> _Dataset excerpts_:
>>>

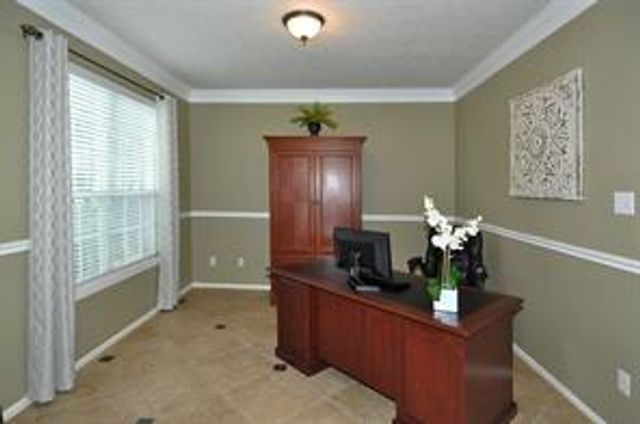 14107 Spring Mountain Lane, Houston, TX 77044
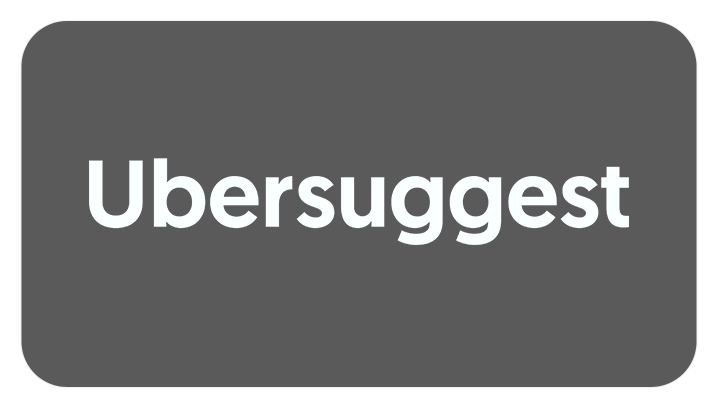 Link Building Inteligente 2026: Estrategias Éticas para Negocios en Medellín logo ubersuggest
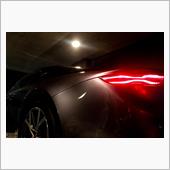 A110 is back!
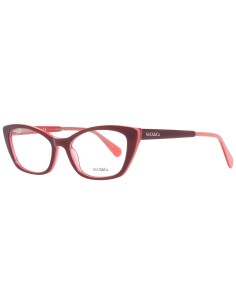 Ladies' Spectacle frame MAX&Co MO5002 53066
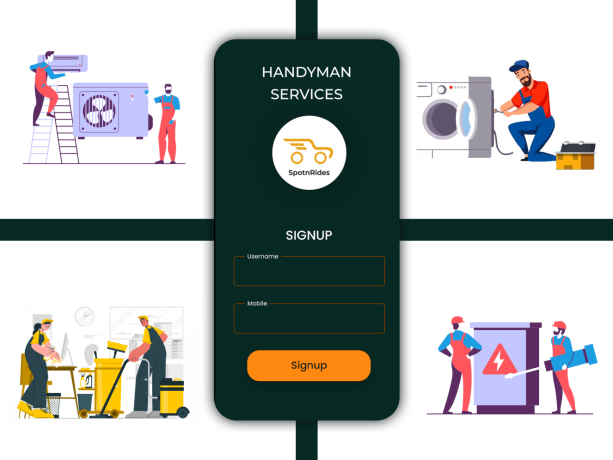 uber-for-handyman-app-development-spotnrides-big-0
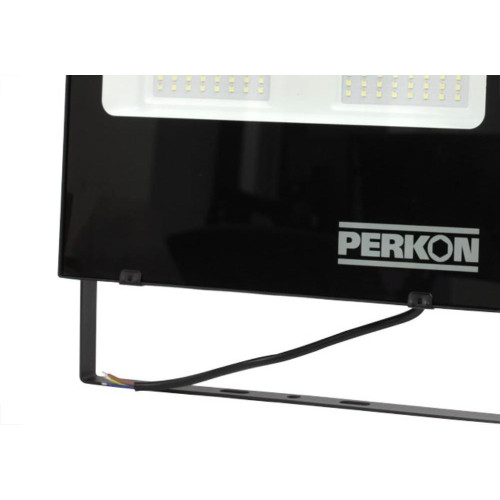 Refletor Led Perkon 200W 18000Lm 6000K 1200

<<<

> _PROBLEM REQUIREMENTS_: Copy exactly, leaving out pictures, the lines from the line containing "uber-for-handyman-app-development-spotnrides-big-0" through the last line of the records.

> _RESULT OF THIS EXERCISE_:
 uber-for-handyman-app-development-spotnrides-big-0
 Refletor Led Perkon 200W 18000Lm 6000K 1200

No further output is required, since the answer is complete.